Some of the largest mounds — known locally as “heuweltjies,” which means small hills in Afrikaans — are about 100 feet (30 meters) wide. The termite nests are as much as 10 feet underground.

Researchers had to carefully dig out parts of the mounds to take samples, and the termites went into “emergency mode” and began filling in the holes, Francis said.

The team completely reconstructed the termite mounds to protect the termites from predators such as aardvarks.

Francis said the project was more than just a fascinating look at ancient structures. It also offered a glimpse into a prehistoric climate that showed Namaqualand was a much wetter place when the hills were formed.

The southern harvester termites are experts in capture and store carbon by collecting twigs and other dead wood and burying them deep in the ground.
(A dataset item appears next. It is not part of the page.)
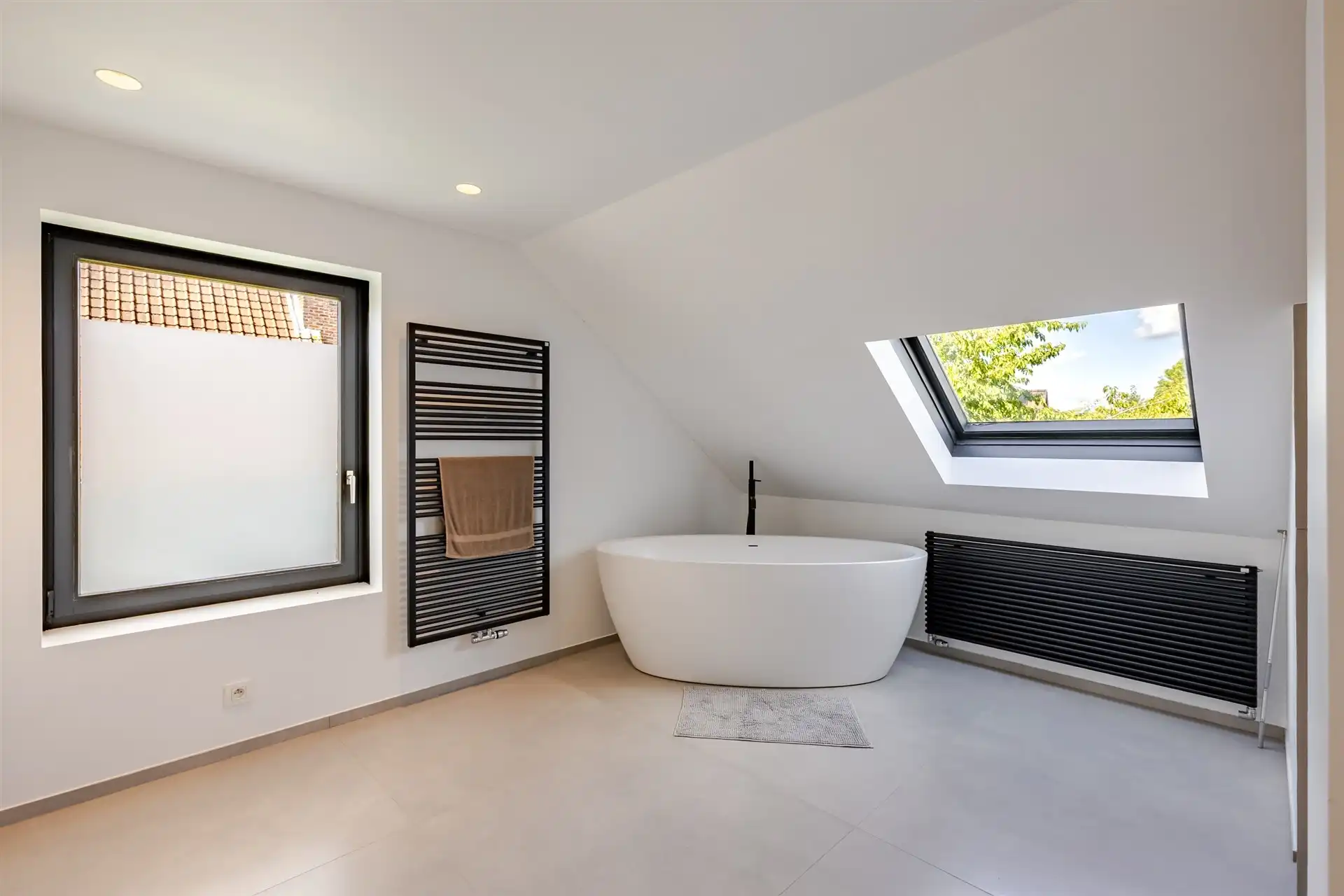 Riante woning met 4 slaapkamers , tuin en praktijk foto 40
This has benefits in offsetting climate change by reducing the amount of carbon emitted into the atmosphere.

It is also good for the soil. Masses of wildflowers bloom on the termite mounds in an area where rainfall is low.

Francis called for more research into termite mounds, given the lessons they offer about climate changemaintaining ecosystems and perhaps even improving agricultural practices.

“We would do well to study what the termites did in the mounds. They were considered very boring,” she said.